- What to work on -
Your response should contain exactly the lines running from the one with "Au coeur de la ligne bleue des Vosges" to the end of the data below, both included, and no pictures.

*** Begin section ***

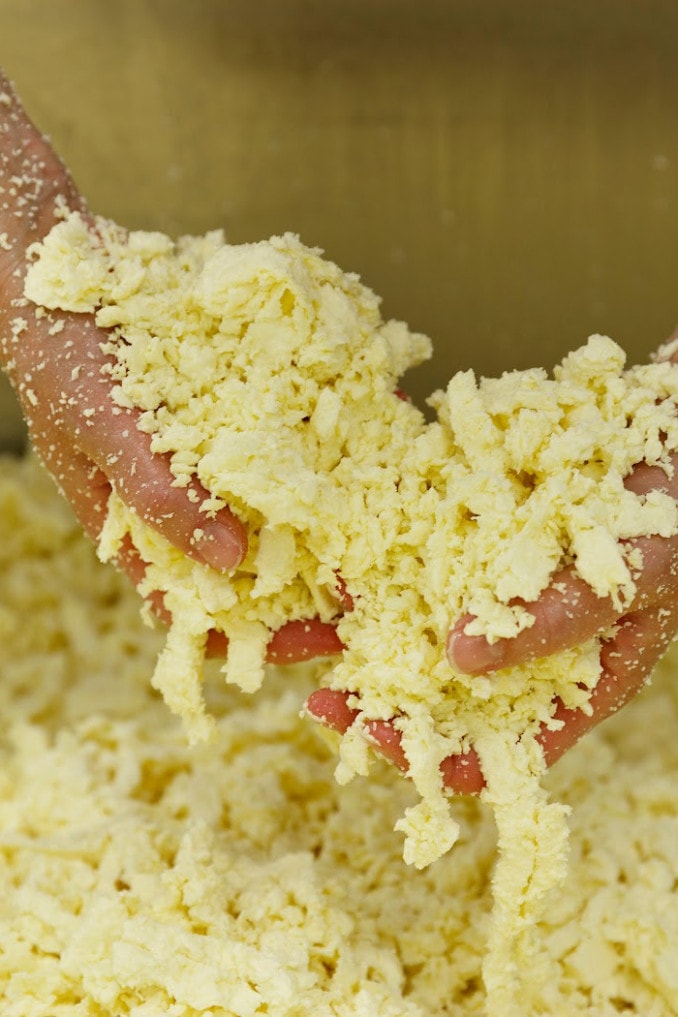 Did You Know That Parmesan Cheese Isn't Vegetarian?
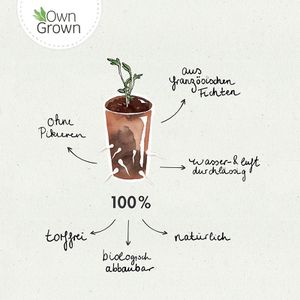 Produktbild für Anzuchttöpfe OwnGrown BEGR-300181, 60 Stück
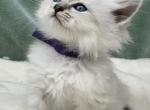 Pixie - Siberian Cat For Sale - Boyne City, MI, US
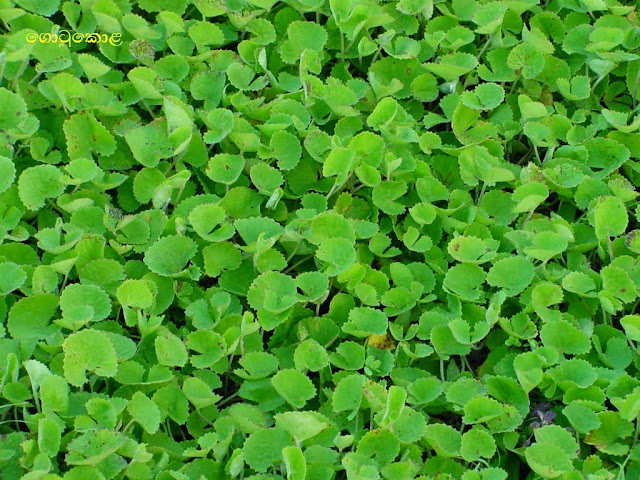 ගොටුකොළ (Gotukola - Centella Asiatica) - Your Choice Way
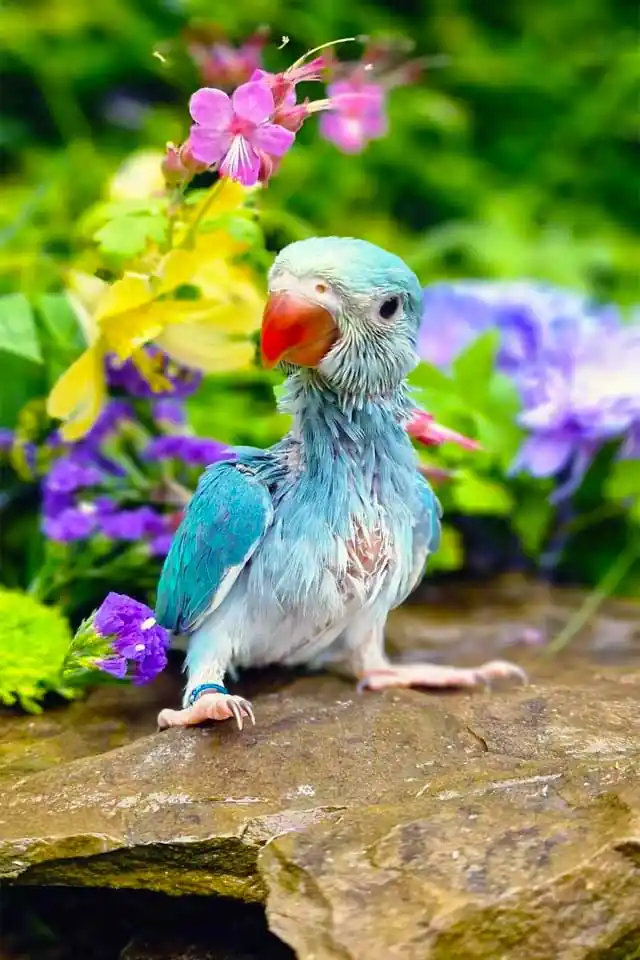 Indian Ringneck Baby Scrappy 22/05/2023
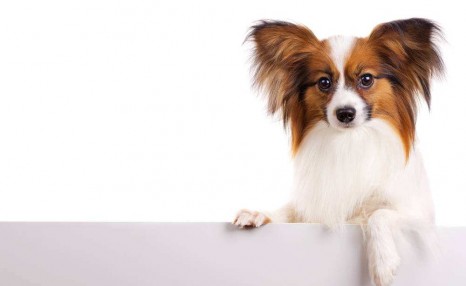 纯种蝴蝶犬应该如何挑选?价格大概多少钱一只?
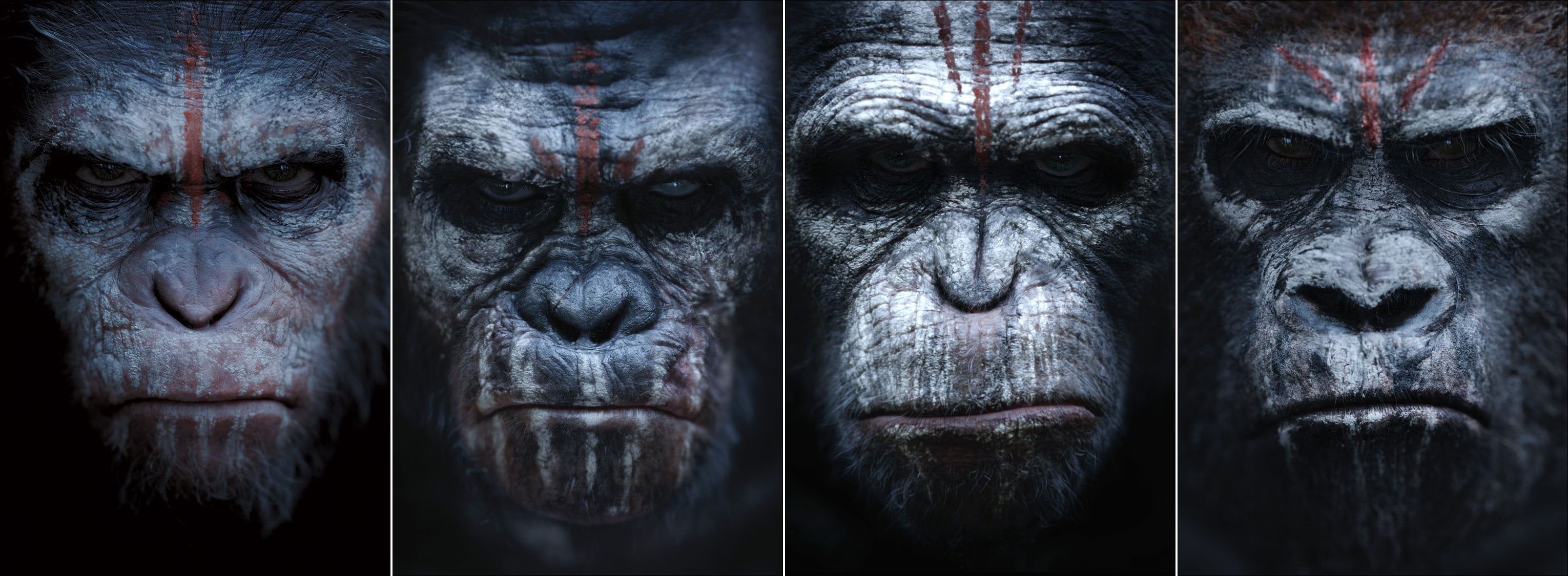 War For The Planet Of The Apes Movie Still Wallpapers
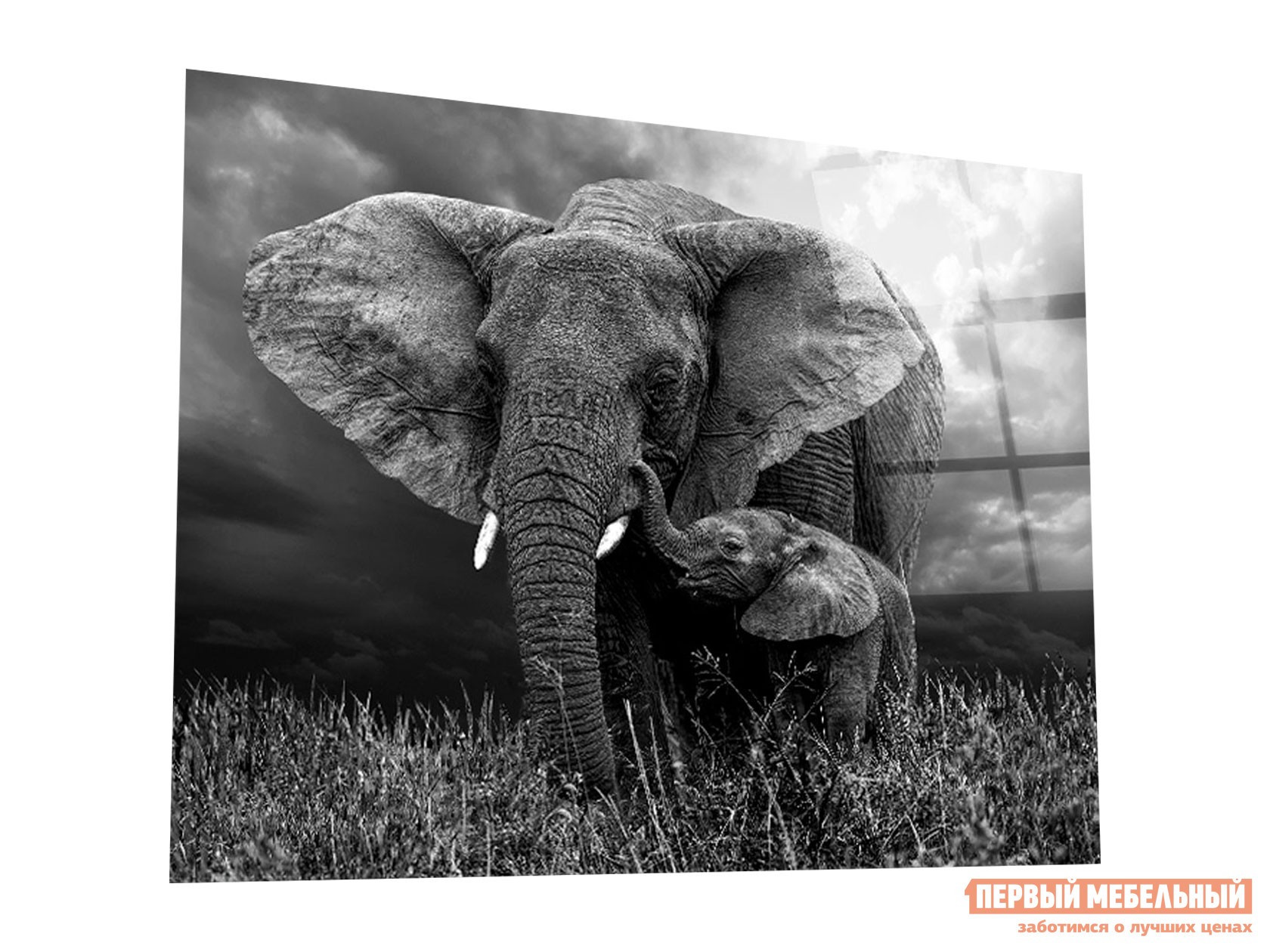 Картина  Зоо 3 Стекло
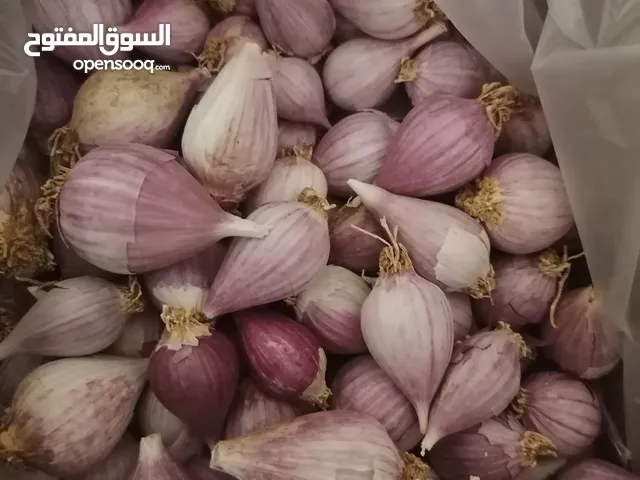 سلام عليكم يتوفر الثوم ذكر ممتاز ونظيف الجوده عاليه جدا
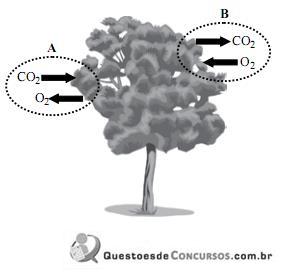 imagem-004.jpg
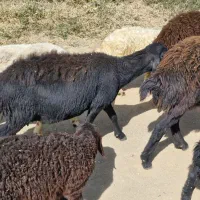 میش وبره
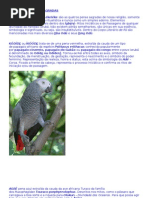 ÌYÉ ORÒ – AS PENAS SAGRADAS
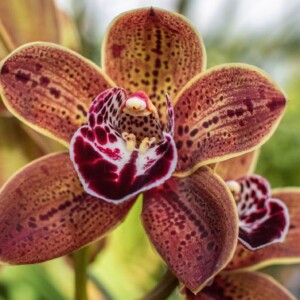 Cymbidium Standard Los Angeles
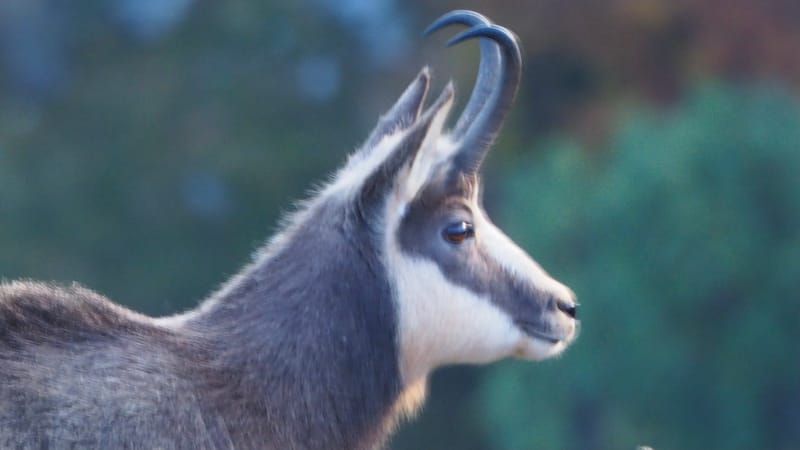 Au coeur de la ligne bleue des Vosges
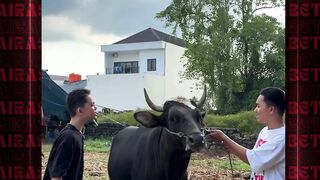 sapi pun muak dengar suara kau #airasiabet #fyp #foryou #ngakak #kocak
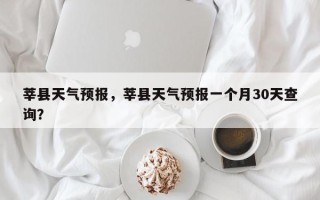 莘县天气预报，莘县天气预报一个月30天查询？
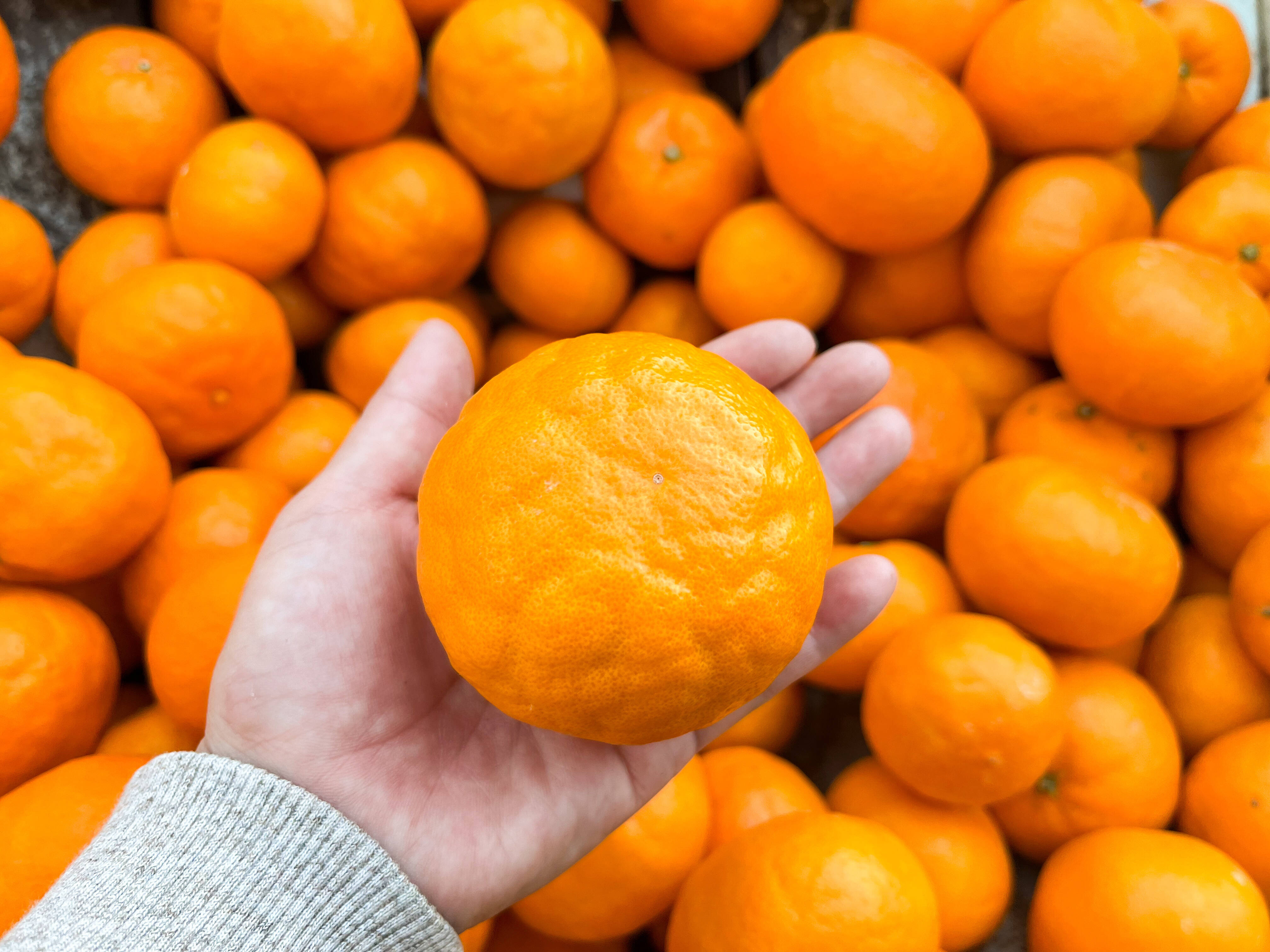 数量限定訳あり特価✨】希少品種！”ドルチェみかんこだわりはれひめ”菊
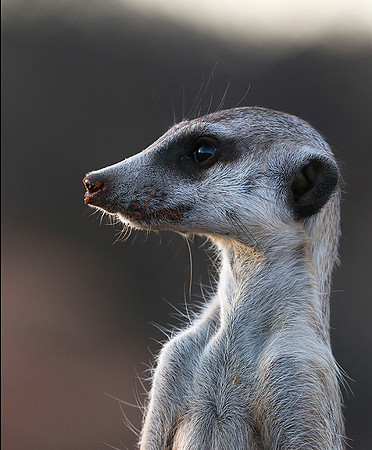 Meercat - Tswalu - South Africa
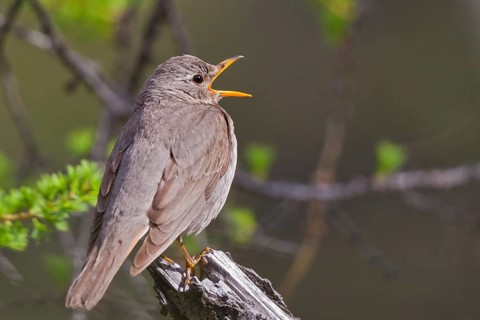 Red-throated Thrush (Turdus ruficollis) female, singing, Huvsgol, Mongolia
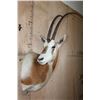Image 2 : *TEXAS RESIDENTS ONLY* SCIMITAR HORNED ORYX Shoulder Mount *New*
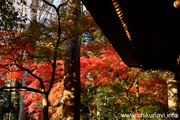 最勝寺の紅葉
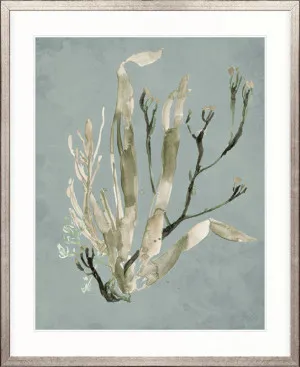 Margate Coral II by Designer Boys, a Premium Art for sale on Style Sourcebook
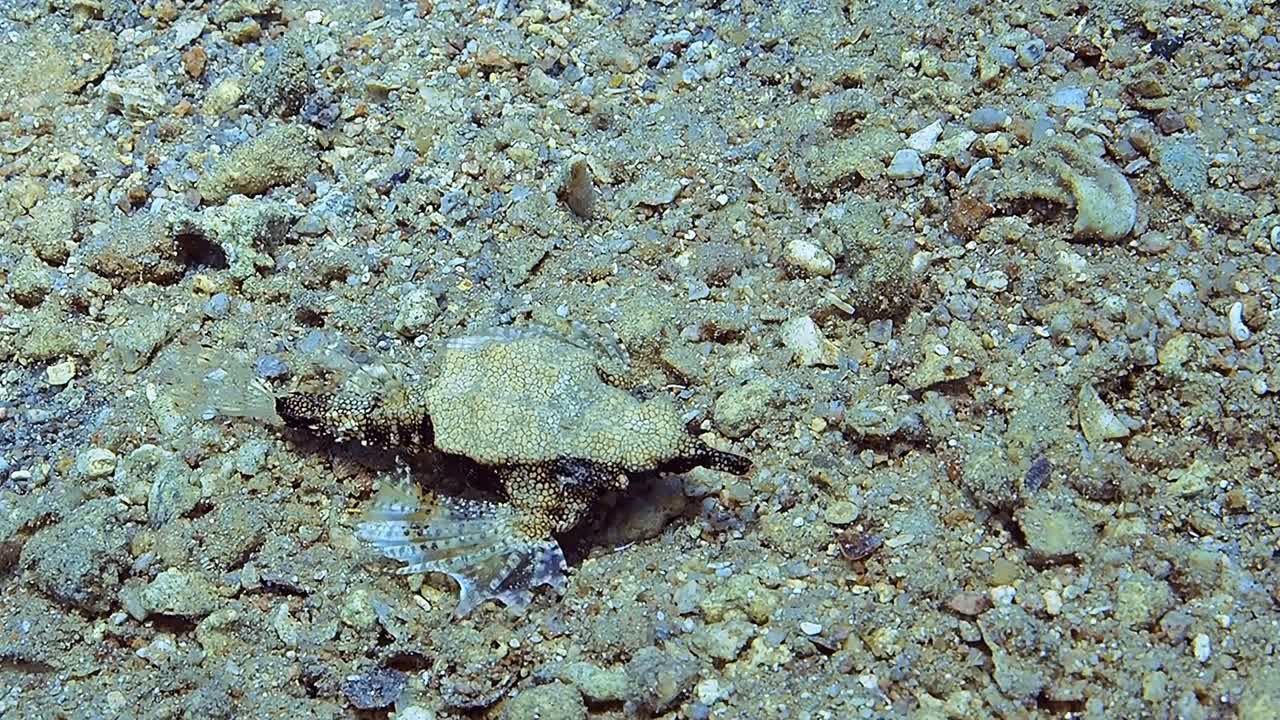 A strange looking tropical fish swimming right above the seabed.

*** End section ***

- Task response -
 Au coeur de la ligne bleue des Vosges
 sapi pun muak dengar suara kau #airasiabet #fyp #foryou #ngakak #kocak
 莘县天气预报，莘县天气预报一个月30天查询？
 数量限定訳あり特価✨】希少品種！”ドルチェみかんこだわりはれひめ”菊
 Meercat - Tswalu - South Africa
 Red-throated Thrush (Turdus ruficollis) female, singing, Huvsgol, Mongolia
Image 2 : *TEXAS RESIDENTS ONLY* SCIMITAR HORNED ORYX Shoulder Mount *New*
 最勝寺の紅葉
 Margate Coral II by Designer Boys, a Premium Art for sale on Style Sourcebook
 A strange looking tropical fish swimming right above the seabed.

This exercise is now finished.